Picard and Crusher are implanted with devices that let them overhear each other’s thoughts. The plot contrivance that makes this possible is ridiculous even by Star Trek standards; however, if you are a Jean Luc / Beverly shipper (as I am), the payoff is delightful. The preachy geopolitical framing story is also totally on brand for Star Trek.
Preparing for a mission to evaluate a politically divided planet’s request to join the Federation, Picard is distracted during his customary breakfast with Crusher. She questions the policy that planets must have solved their own geopolitical problems before joining the Federation, and she seems ready for a cheerful and comfortable debate.
Instead of beaming down to meet with the majority government, they find themselves in a prison cell, having been intercepted by the separatist minority. (They are of course being held in the same cell together, because TV.)

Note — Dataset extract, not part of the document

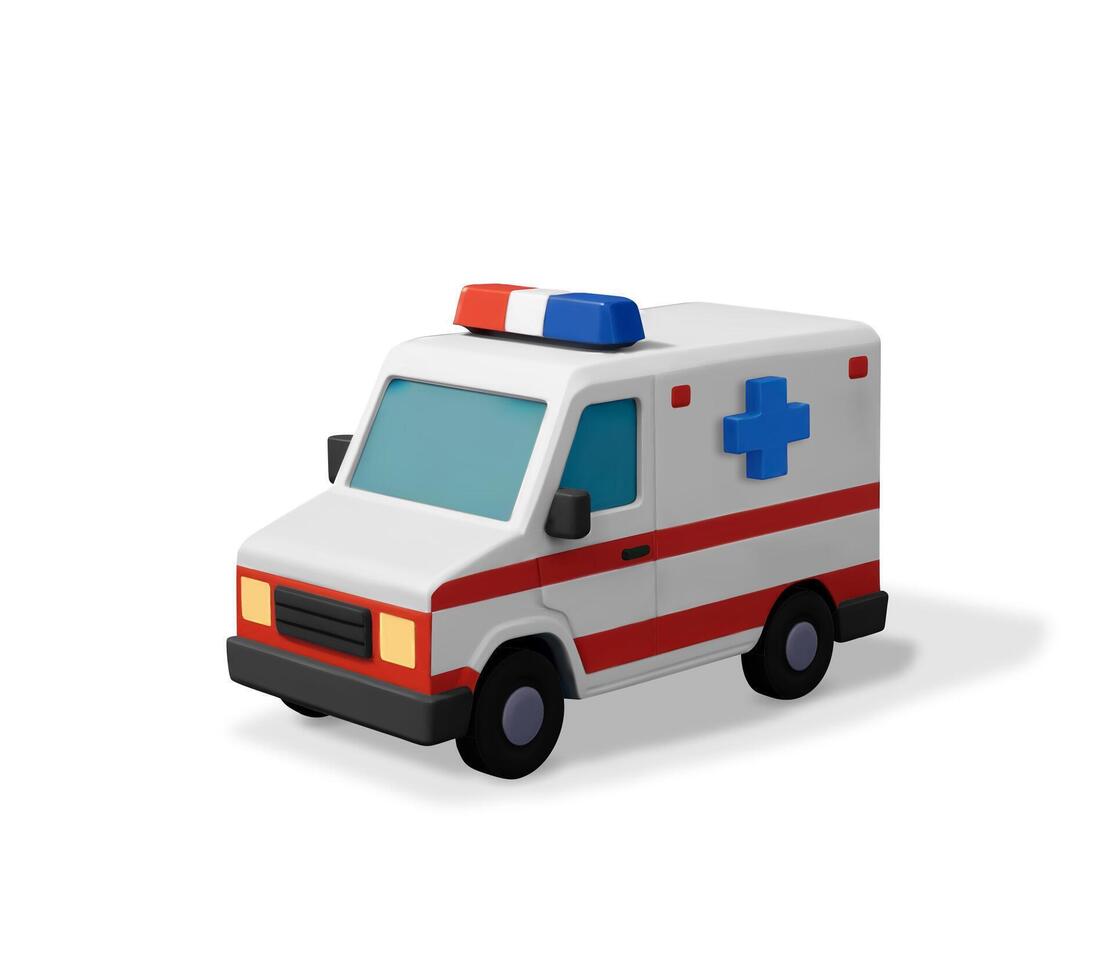 3D ambulance car with blue medical cross isolated. Rendering emergency vehicle for hospital service icon. Healthcare, emergency and urgency services. vector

Despite the fact they have apparently had no contact whatsoever with the Federation, the separatists have somehow managed to figure out how to intercept the transporter beam, and how to implant interrogation devices that are supposed to help the captors read the prisoners’ thoughts — but instead link them telepathically to each other.
It’s a silly premise, but forgivable because it’s so much fun watching Jean-Luc and Beverly reacting to each other’s fleeting thoughts (a fear of heights; hunger), and then later when Beverly realizes Picard is pretending to be confident when he’s actually guessing. A visit to the familiar cave set, and some sneaking around outside sets up a really touching fireside conversation where, prompted by access to each other’s thoughts, Picard and Crusher get personal.
Picard admits he felt guilty falling in love with his best friend’s wife, so he never acted on his feelings. Over time, he gradually fell out of love with Beverly, and now they are friends.
Riker meanwhile deals with the leaders of two comically paranoid factions. While nobody is going to think of this plot will make or break the story, it’s still a decent bit of political intrigue that fleshes out how the Federation works.
After Crusher and Picard are rescued but still telepathically linked, they apparently share snarky thoughts about Riker.
A final scene brings up the possibility that now that they have put all their emotional cards on the table, it’s up to them to decide what to do next. A very sweet scene has a sliding door whooshing shut to part them as friends, but each pauses thoughtfully on the other side of the door before moving on.
Oh, my heart!
The two are still obviously meant for each other, but the show runners are doing the right thing by keeping the romance a possibility, so that we will keep rooting for them.
TNG was such an optimistic show, which insisted that humans are capable of overcoming their differences and working together; that’s one reason why I’ve enjoyed re-visiting the series so much, and why I’m going to be sad when I finish my rewatch.